*Task instructions*: Please write out exactly the lines from the opening of the listing through the line that holds "选择信誉良好的钱包提供商", including both, and nothing else; no pictures.
# # #
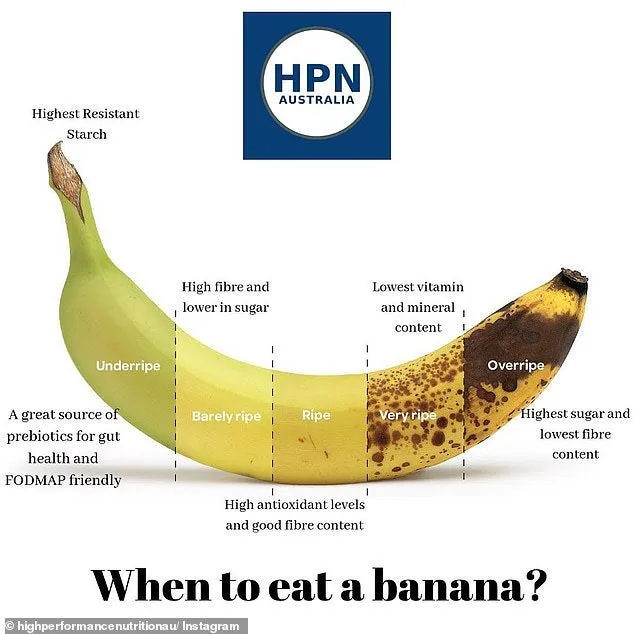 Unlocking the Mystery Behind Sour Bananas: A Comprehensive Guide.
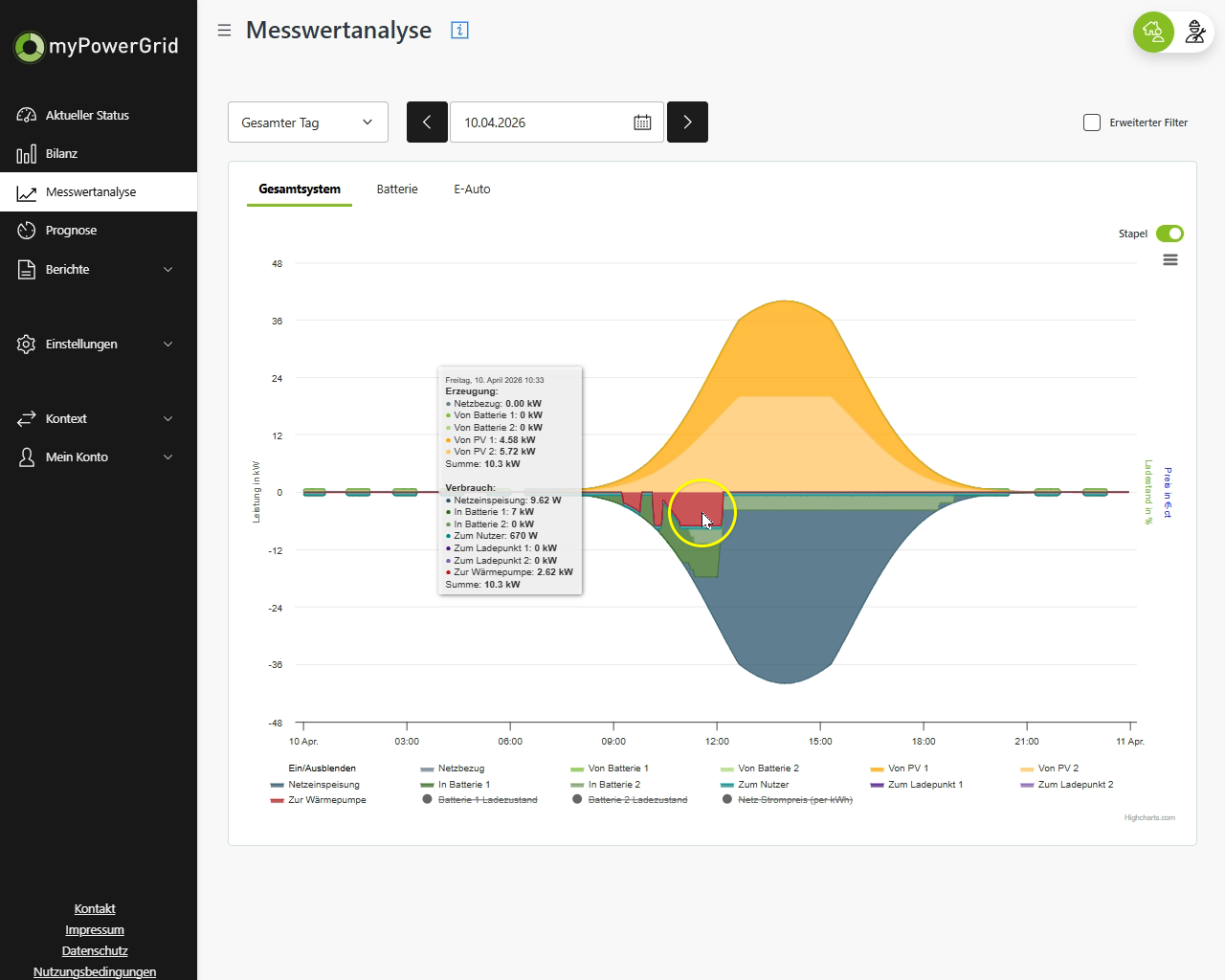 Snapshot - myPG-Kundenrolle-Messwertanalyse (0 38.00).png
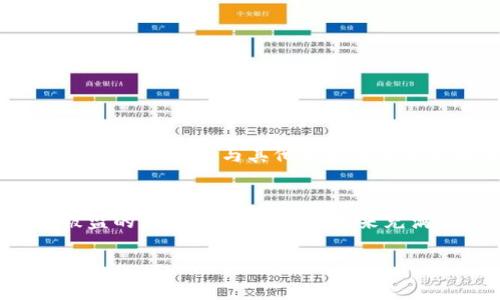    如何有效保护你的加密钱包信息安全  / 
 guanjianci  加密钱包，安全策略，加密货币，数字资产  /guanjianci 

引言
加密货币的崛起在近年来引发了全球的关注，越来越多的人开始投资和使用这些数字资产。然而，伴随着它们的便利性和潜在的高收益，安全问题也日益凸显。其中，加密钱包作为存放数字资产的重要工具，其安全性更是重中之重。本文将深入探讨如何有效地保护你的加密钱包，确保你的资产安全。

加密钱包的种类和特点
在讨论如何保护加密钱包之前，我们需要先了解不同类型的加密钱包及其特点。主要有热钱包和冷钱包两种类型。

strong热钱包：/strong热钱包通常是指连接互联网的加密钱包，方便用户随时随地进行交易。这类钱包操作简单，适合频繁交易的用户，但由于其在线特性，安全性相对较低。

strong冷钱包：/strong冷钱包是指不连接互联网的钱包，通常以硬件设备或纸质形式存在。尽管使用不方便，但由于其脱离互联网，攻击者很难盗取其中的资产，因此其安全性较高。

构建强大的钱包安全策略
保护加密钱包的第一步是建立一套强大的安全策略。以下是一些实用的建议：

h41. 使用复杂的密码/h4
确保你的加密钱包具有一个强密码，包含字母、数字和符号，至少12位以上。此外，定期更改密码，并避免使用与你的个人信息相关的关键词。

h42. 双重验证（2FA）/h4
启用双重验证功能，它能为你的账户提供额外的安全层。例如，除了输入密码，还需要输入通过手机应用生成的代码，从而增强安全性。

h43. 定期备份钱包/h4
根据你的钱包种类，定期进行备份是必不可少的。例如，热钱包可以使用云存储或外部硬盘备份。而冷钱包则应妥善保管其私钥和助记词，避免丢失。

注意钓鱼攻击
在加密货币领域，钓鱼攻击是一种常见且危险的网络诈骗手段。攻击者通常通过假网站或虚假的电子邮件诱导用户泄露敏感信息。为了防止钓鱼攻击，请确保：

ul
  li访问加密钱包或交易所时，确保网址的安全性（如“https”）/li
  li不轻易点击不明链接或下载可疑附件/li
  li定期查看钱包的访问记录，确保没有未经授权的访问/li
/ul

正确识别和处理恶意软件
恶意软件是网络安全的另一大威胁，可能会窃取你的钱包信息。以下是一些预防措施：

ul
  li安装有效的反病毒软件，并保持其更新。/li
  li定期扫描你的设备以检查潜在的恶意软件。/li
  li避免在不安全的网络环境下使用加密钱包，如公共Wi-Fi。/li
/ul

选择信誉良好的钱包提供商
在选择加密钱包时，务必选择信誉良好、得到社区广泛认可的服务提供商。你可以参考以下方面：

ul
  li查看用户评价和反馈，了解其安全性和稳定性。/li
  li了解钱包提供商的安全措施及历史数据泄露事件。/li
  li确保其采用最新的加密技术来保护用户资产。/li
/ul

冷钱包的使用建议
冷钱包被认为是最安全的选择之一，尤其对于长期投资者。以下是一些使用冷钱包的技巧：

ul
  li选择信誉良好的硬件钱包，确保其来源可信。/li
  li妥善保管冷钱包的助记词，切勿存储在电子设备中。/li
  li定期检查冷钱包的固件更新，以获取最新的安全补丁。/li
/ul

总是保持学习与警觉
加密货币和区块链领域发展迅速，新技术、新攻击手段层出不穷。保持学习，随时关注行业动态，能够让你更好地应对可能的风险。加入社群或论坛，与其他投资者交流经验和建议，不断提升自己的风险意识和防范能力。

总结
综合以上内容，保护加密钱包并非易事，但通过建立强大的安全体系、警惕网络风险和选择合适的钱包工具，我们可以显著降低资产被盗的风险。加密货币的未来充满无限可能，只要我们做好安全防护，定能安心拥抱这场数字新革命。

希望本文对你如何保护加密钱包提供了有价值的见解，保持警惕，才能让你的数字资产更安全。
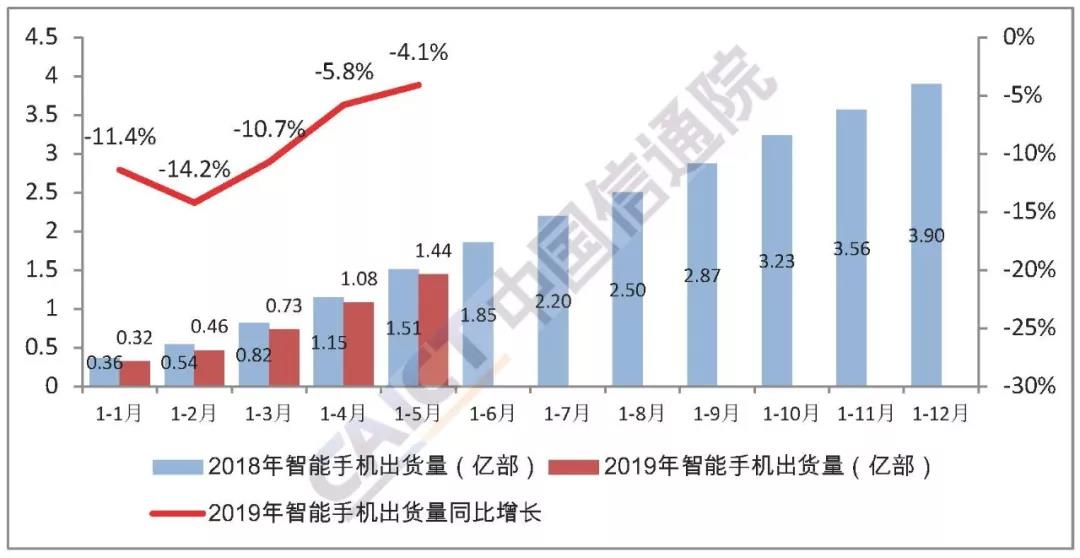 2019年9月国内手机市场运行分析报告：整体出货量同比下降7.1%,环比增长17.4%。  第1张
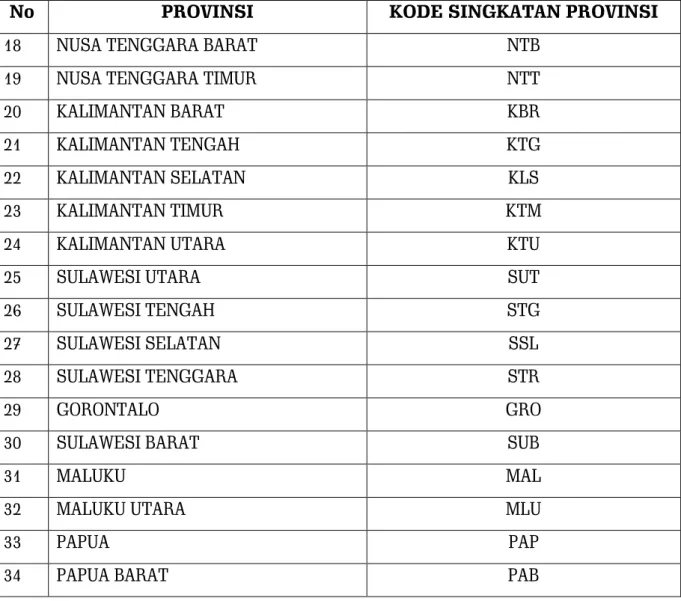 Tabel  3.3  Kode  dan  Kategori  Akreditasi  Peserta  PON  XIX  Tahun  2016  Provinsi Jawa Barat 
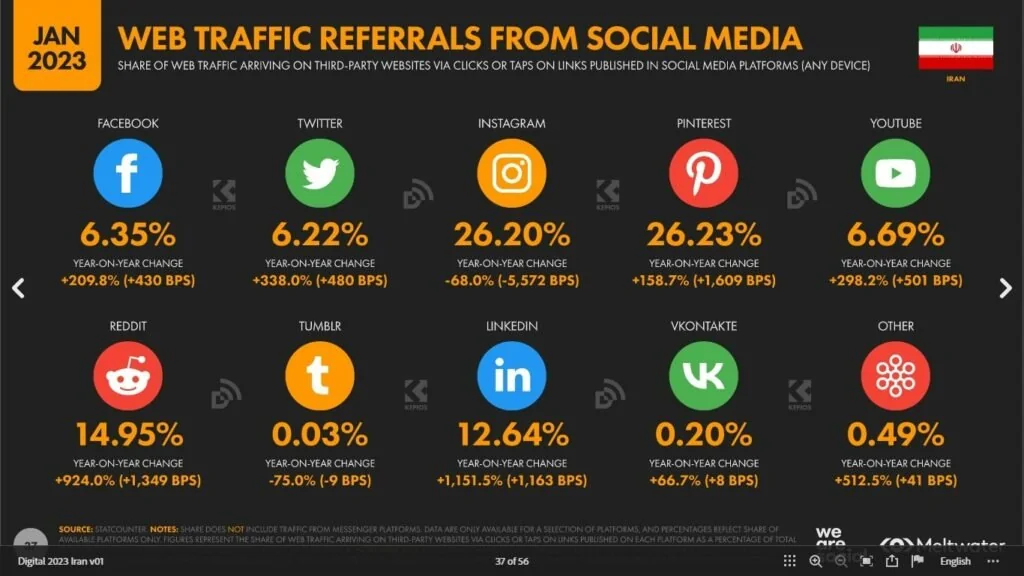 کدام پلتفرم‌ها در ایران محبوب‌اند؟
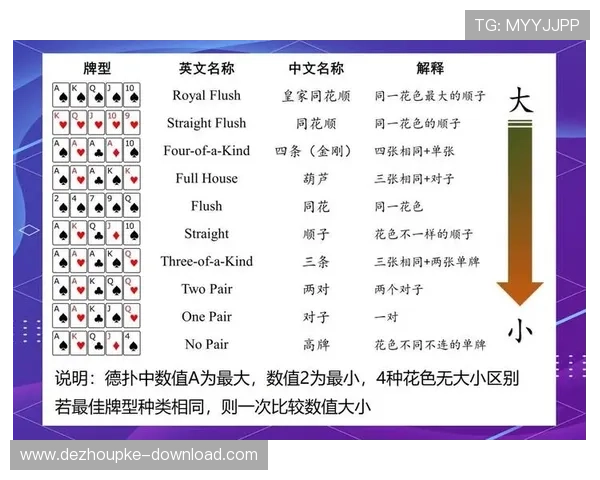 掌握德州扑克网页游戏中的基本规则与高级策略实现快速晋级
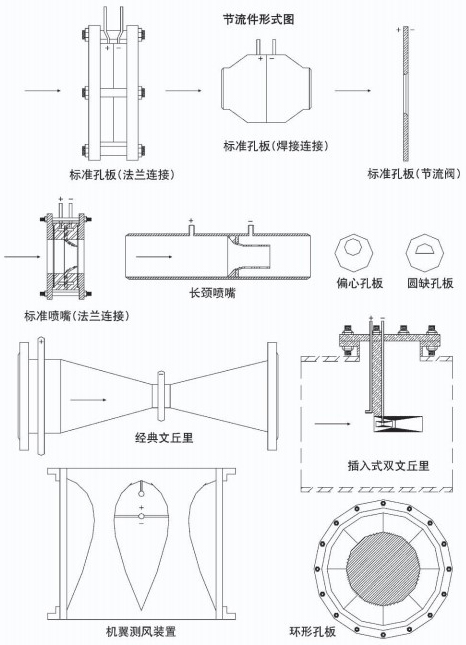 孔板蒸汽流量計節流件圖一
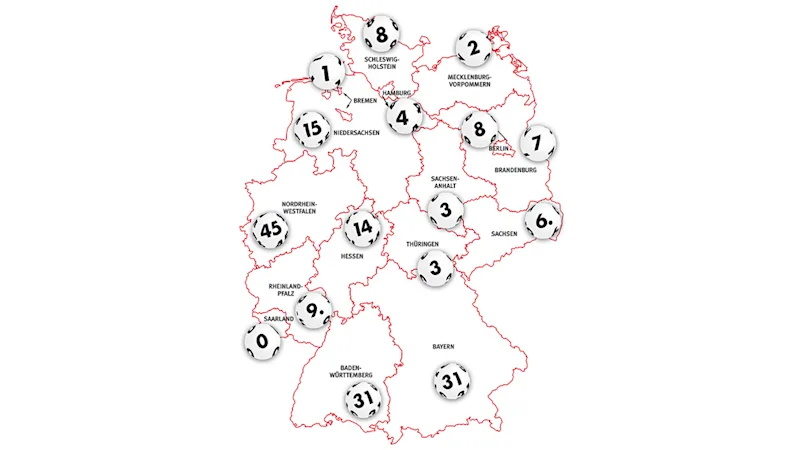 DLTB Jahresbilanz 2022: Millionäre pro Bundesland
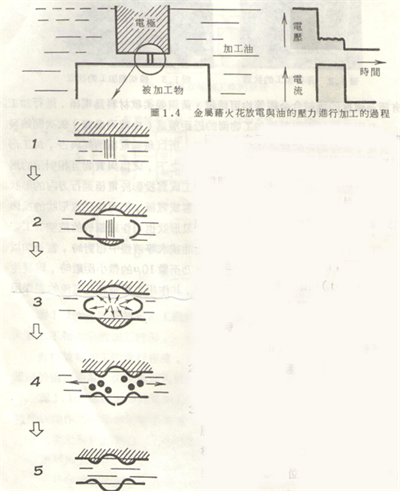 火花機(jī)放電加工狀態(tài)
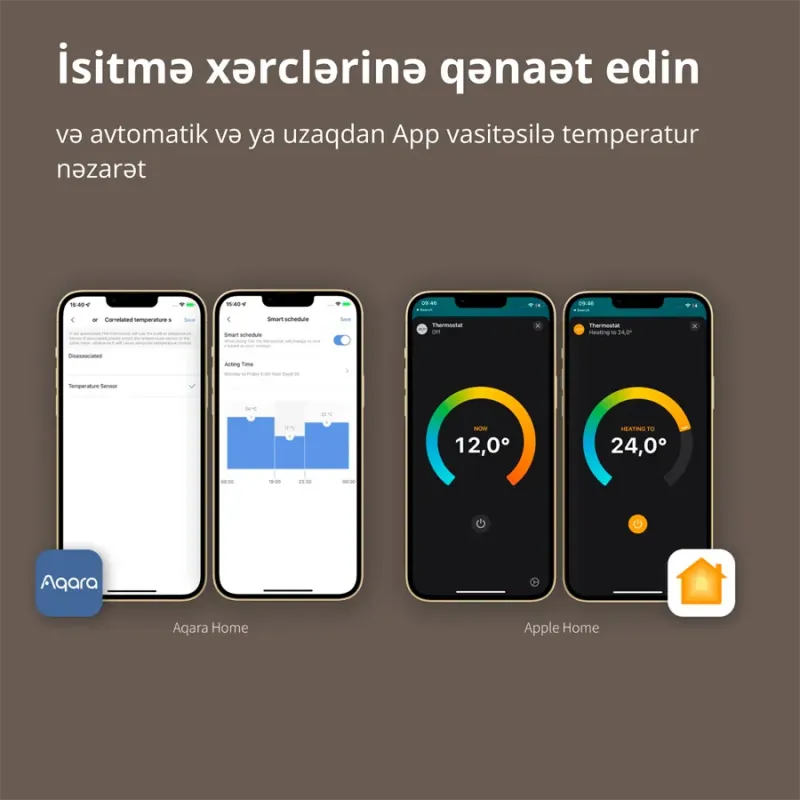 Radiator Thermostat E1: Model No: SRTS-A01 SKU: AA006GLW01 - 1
# # #
*Response area*:
 Unlocking the Mystery Behind Sour Bananas: A Comprehensive Guide.
 Snapshot - myPG-Kundenrolle-Messwertanalyse (0 38.00).png
    如何有效保护你的加密钱包信息安全  / 
 guanjianci  加密钱包，安全策略，加密货币，数字资产  /guanjianci 

引言
加密货币的崛起在近年来引发了全球的关注，越来越多的人开始投资和使用这些数字资产。然而，伴随着它们的便利性和潜在的高收益，安全问题也日益凸显。其中，加密钱包作为存放数字资产的重要工具，其安全性更是重中之重。本文将深入探讨如何有效地保护你的加密钱包，确保你的资产安全。

加密钱包的种类和特点
在讨论如何保护加密钱包之前，我们需要先了解不同类型的加密钱包及其特点。主要有热钱包和冷钱包两种类型。

strong热钱包：/strong热钱包通常是指连接互联网的加密钱包，方便用户随时随地进行交易。这类钱包操作简单，适合频繁交易的用户，但由于其在线特性，安全性相对较低。

strong冷钱包：/strong冷钱包是指不连接互联网的钱包，通常以硬件设备或纸质形式存在。尽管使用不方便，但由于其脱离互联网，攻击者很难盗取其中的资产，因此其安全性较高。

构建强大的钱包安全策略
保护加密钱包的第一步是建立一套强大的安全策略。以下是一些实用的建议：

h41. 使用复杂的密码/h4
确保你的加密钱包具有一个强密码，包含字母、数字和符号，至少12位以上。此外，定期更改密码，并避免使用与你的个人信息相关的关键词。

h42. 双重验证（2FA）/h4
启用双重验证功能，它能为你的账户提供额外的安全层。例如，除了输入密码，还需要输入通过手机应用生成的代码，从而增强安全性。

h43. 定期备份钱包/h4
根据你的钱包种类，定期进行备份是必不可少的。例如，热钱包可以使用云存储或外部硬盘备份。而冷钱包则应妥善保管其私钥和助记词，避免丢失。

注意钓鱼攻击
在加密货币领域，钓鱼攻击是一种常见且危险的网络诈骗手段。攻击者通常通过假网站或虚假的电子邮件诱导用户泄露敏感信息。为了防止钓鱼攻击，请确保：

ul
  li访问加密钱包或交易所时，确保网址的安全性（如“https”）/li
  li不轻易点击不明链接或下载可疑附件/li
  li定期查看钱包的访问记录，确保没有未经授权的访问/li
/ul

正确识别和处理恶意软件
恶意软件是网络安全的另一大威胁，可能会窃取你的钱包信息。以下是一些预防措施：

ul
  li安装有效的反病毒软件，并保持其更新。/li
  li定期扫描你的设备以检查潜在的恶意软件。/li
  li避免在不安全的网络环境下使用加密钱包，如公共Wi-Fi。/li
/ul

选择信誉良好的钱包提供商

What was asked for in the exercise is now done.